Sviatoslav Yurash: I think this whole square will remain a very powerful symbol for generations to come.
army of young organizers who keep the square running.
He's in charge of the media operation.
He walked us past the burned out hulk of the building where he lived and worked before government forces attacked it.
Sviatoslav Yurash: We never thought it could turn into something like this.
We never thought the main street of Kiev can be drenched in blood.
We never thought that we would come up there and see shells of sniper bullets there.
Every day people pour in from across the country to lay flowers at the spots where demonstrators were gunned down.
At times, it almost seems the protesters are re-enacting revolutions of the past.
One major intersection is now guarded by a medieval-looking catapult.
Soup is cooked in wood-fired boilers that look like steam locomotives.
This woman has been ladling out that soup for months now.
Clarissa Ward: How long will you stay here? Woman, translated: However long it takes.
These people see themselves as guardians of Ukraine's revolution.
It's hard work.
Squads of volunteers clean up debris from recent battles while others chop wood.

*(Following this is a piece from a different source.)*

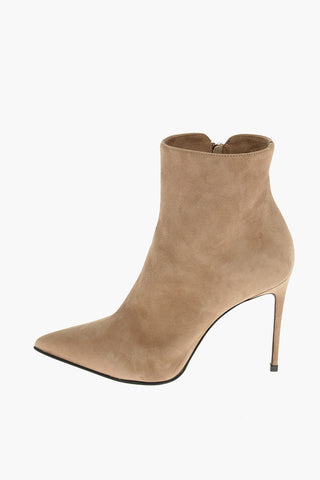 10cm Suede EVA 100 Ankle Boots With Stiletto Heel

Night and day self defense units in camouflage uniforms patrol the square.
For many, tents are the only shelter against the cold.
Clarissa Ward, entering tent: Can we have a look inside? Sviatoslav Yurash: Of course we can.
Clarissa Ward: There are people sleeping.
Sviatoslav Yurash: Of course.
Clarissa Ward: So, people are living here? Sviatoslav Yurash: Every day for the last three months, there have been people here sleeping, eating, they've been working, they've been essentially doing everything they can to help the Maidan continue.
We were struck by how well organized and well supplied the Maidan is -- most people don't realize this but Ukraine's revolution was not your average populist movement.
It was supported by some of the most powerful people in the country, like billionaire Petro Poroshenko, one of a handful of incredibly wealthy and influential businessmen known as the oligarchs -- though he bristles at that term because unlike other oligarchs, Poroshenko didn't make his money privatizing state industries after the collapse of the Soviet Union, he made it through chocolate.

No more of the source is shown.